One of today's great authors, David Halberstam, has written a gem of a book detailing the `process of becoming Bill Belichick,' one of the best football minds ever in the National Football League (NFL). Belichick is the head coach of the New England Patriots NFL team and the winner of three Super Bowls.
Halberstam tells us that Belichick entered the world as the son of a lifer. He was the son of former Navy football coach and scout, Steve Belichick, who was once considered the preeminent football scout in the country. His father, however, never made much money and never enjoyed much fame outside the "hermetically sealed" world of coaching. And he lived (as did the family) with the special uncertainty of a coach - a world without guarantees. Steve felt the job of a good coach was to encourage a boy's better self, to let his confidence grow and to do it ever so gently.
Bill Belichick, well beyond his years in understanding football, went on to Weslyan, a small college in New England. While he played football, he had difficulty, as his size and lack of speed worked against him. He also played lacrosse and enjoyed it immensely, mostly because he admired the coach. The coach had no real knowledge of the game but knew exactly how to handle his players and how to listen to them and use them well. He learned then that players respected coaches who could help them play better and who knew things they did not know. Respect did not flow from a loud and commanding voice, but rather knowledge.

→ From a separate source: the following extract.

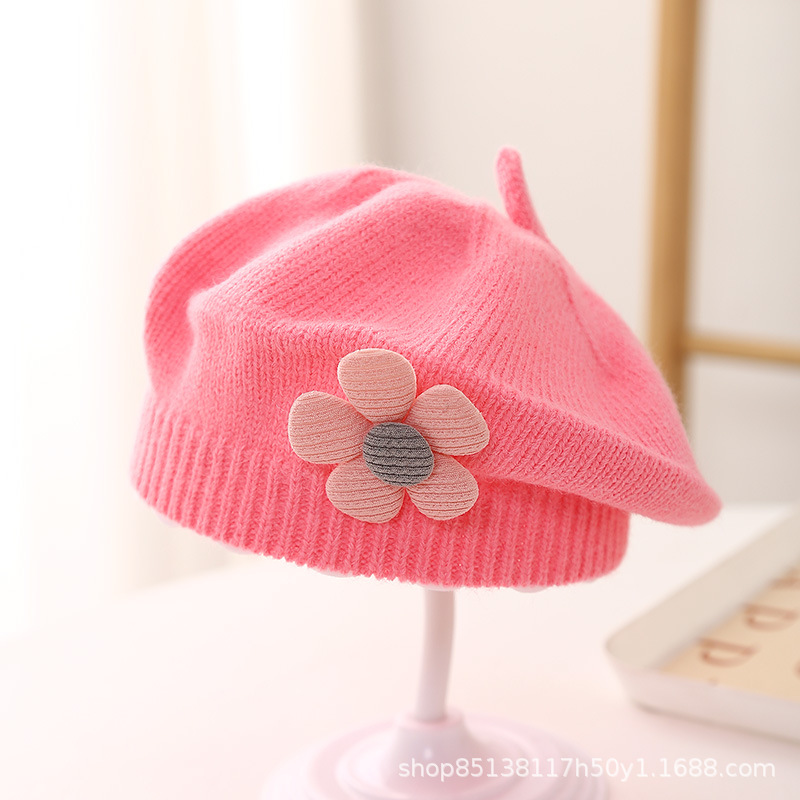 Picture of Baby hat autumn and winter baby girls' cute flower beret children's wool hat girls' knitted painter hat fashion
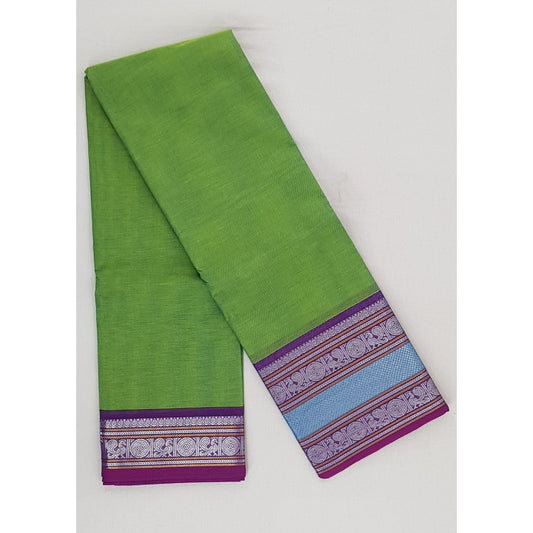 Kanchi Cotton Saree in Green with Kattam 6252370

"The Education of a Coach" also details Belichick's early years in the NFL. When he entered the league, he had been a young man teaching older men. He needed to prove to them he was an authority figure so he remained more aloof and more authoritarian than most coaches or teachers working their first jobs. And since he was not imposing in physical terms, he would have to make up for his size by dint of willpower. He was most comfortable with a stern game face - being serious and completely disciplined. Many wondered if there was a time when Belichick ever laughed and relaxed.
Over the years, the back-channel word on Belichick was that he was a brilliant coordinator but doomed to be that and nothing more. When he got the New England head coach position, Belichick knew that this might be his last best chance.

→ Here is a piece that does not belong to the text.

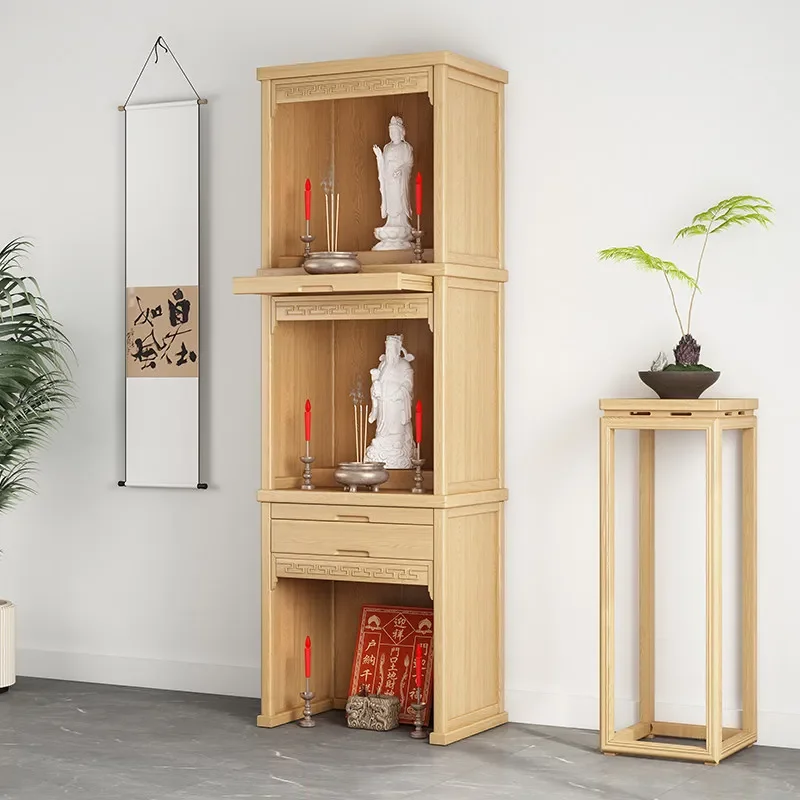 HYS  household three-layer Buddhist niche new Chinese vertical cabinet for table modern simple placement cabinet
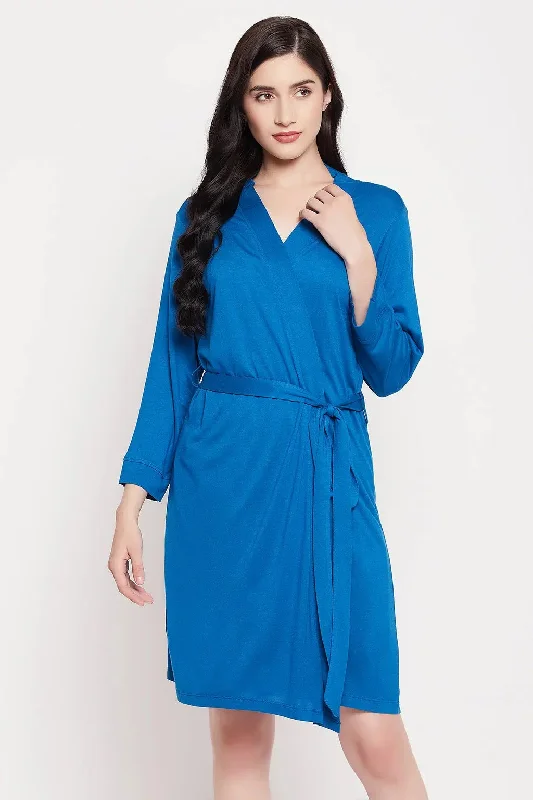 Clovia Chic Basic Robe in Cobalt Blue - Cotton Calvin Klein pajama sets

Halberstam details key relationships and turning points in Belichick's career including the complicated relationship he had with Bill Parcells, one that was beneficial but different for both men; a defining moment with the Giants Gary Jeter when Jeter issued a challenge to a young Belichick, with Belichick granting his wish to Jeter's regret; the impact of Al Davis' rating players everyday to keep both players and coaches alert allowing no one to rest on the past; and many of uncommonly talented men who had been wonderful teachers.

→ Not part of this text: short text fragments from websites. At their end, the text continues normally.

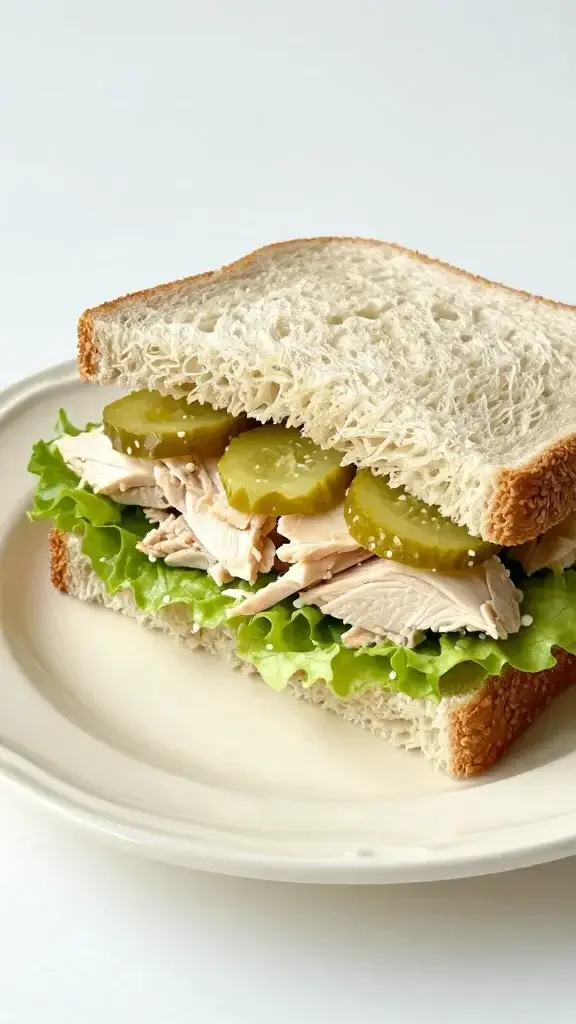 Final plated dish: Chicken salad sandwich on rustic white bread with crisp lettuce, pale cornichon pickle slices, served on a cream plate with soft natural light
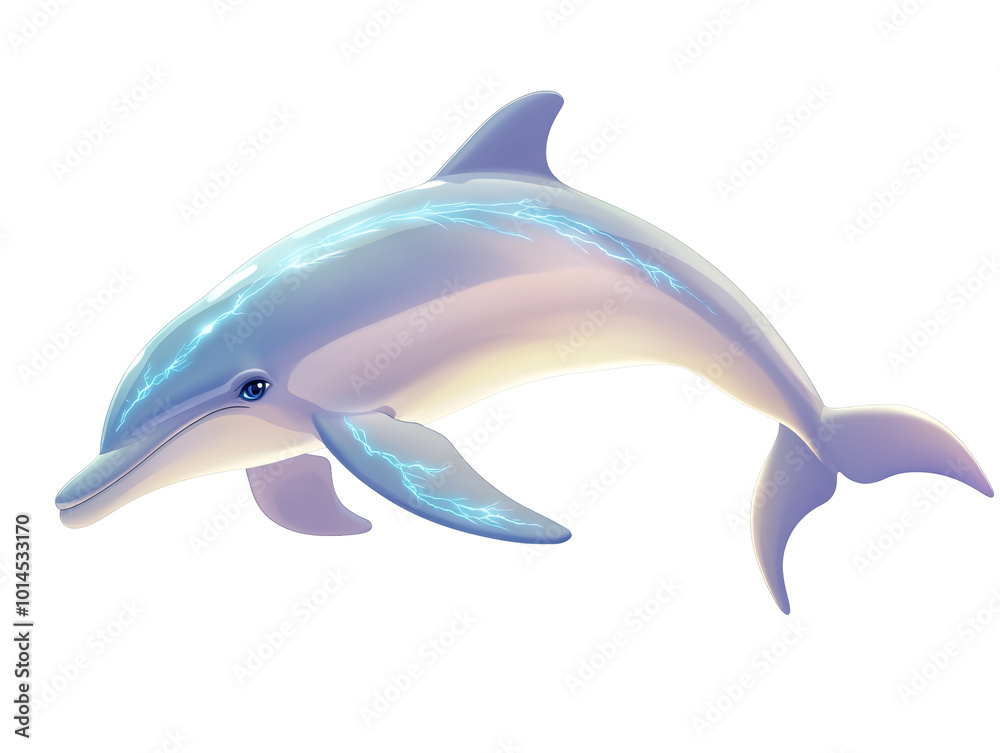 Obraz premium a dolphin with glowing lines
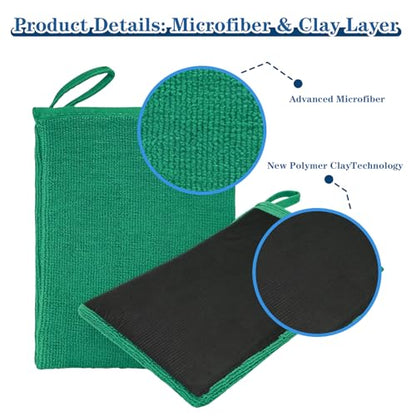 2PCS Clay Mitt Auto Detailing, Mitt Finish for Car Detailing, Microfiber Clays Towel for Car Cleaning and Polishing, Medium Grade Clay Bar Glove for Painted Surface, Glass, Plastic (Green) - color: Green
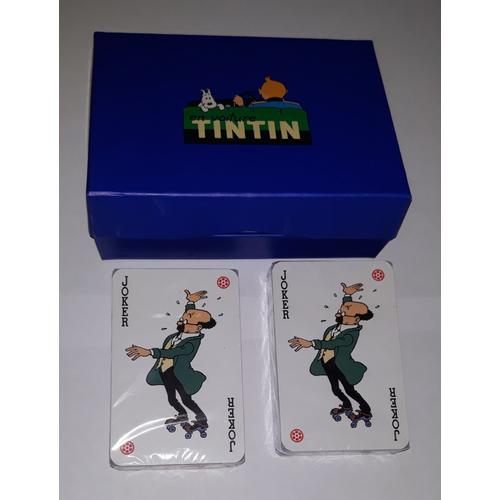 Boite De 2 Jeux De Cartes - Tintin En Voiture (Cartes Neuves Scellées)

Belichick is driven by brain power and by his fascination with the challenge that pro football represented to the mind of the coach as well as the bodies of the players. And, along the way, Belichick, a lifer, has always understood and taught that residence at top was a product of good fortune as well as talent, planning and willpower.
Those interested in Bill Belichick, the emergence of the New England Patriots as a NFL powerhouse, leadership development, or professional football will thoroughly enjoy "The Education of a Coach." Halberstam captures this and more.